До самого парохода его провожал Котэ Цинцадзе. Он вспоминал, что они выехали из Тифлиса в день покушения на Столыпина в Киеве[40]
. После смерти Столыпина Камо сказал Цинцадзе: «Я огорчен по поводу смерти Столыпина». «Почему?» — спросил тот. «Я хотел его убить, чего бы это мне ни стоило», — ответил Камо.Он безо всяких проблем сел на пароход и добрался из Батума до Константинополя. В поле зрения русского сыска Камо снова попал уже в Брюсселе. Департамент полиции получил от своей агентуры донесение о том, что «Камо-Мирский (Тер-Петросян) в декабре минувшего [1911] года приехал в Брюссель к Богданову.
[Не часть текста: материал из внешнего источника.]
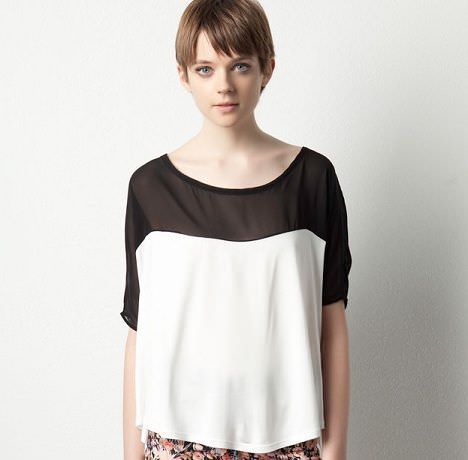 camiseta con contrastes de pull and bear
Оттуда совместно с последним Камо-Мирский приехал в Париж».
Крупская вспоминала, что Камо «страшно мучился тем, что произошел раскол между Ильичем, с одной стороны, и Богдановым и Красиным — с другой. Он был горячо привязан ко всем троим. Кроме того, он плохо ориентировался в сложившейся за годы его сидения обстановке. Ильич ему рассказывал о положении дел».
Действительно, между Лениным и Богдановым (и примкнувшим к нему Красиным) к тому времени произошел фактический раскол — как по вопросу политической тактики большевиков, так и из-за различного подхода к философии марксизма (подробнее о причинах этого раскола — в очерке об Александре Богданове).
Но не меньше проблем в отношениях между ними создавал и финансовый вопрос. Об этом в советское время старались особо не писать. Ну а поскольку этот вопрос имел отношение и к Камо, то мы все-таки остановимся на нем подробнее.
После истории с арестом большевиков, пытавшихся разменять 500-рублевые банкноты, «изъятые» у государства на Эриванской площади, часть этих денег оставалась у сторонников Ленина, а часть — у сторонников Богданова. В это время большевики и меньшевики формально состояли в одной партии, и ЦК (в нем преобладали меньшевики), запретивший «эксы», постановил: оставшиеся от налета на почтовую карету в Тифлисе банкноты сжечь. Сторонники Ленина согласились с этим и передали свою часть денег (9 тысяч рублей) ЦК для сожжения. А сторонники Богданова отказались, сославшись на то, что деньги им доверила Кавказская группа и она и должна решать их судьбу. У богдановцев оставалось 53 билета по 500 рублей.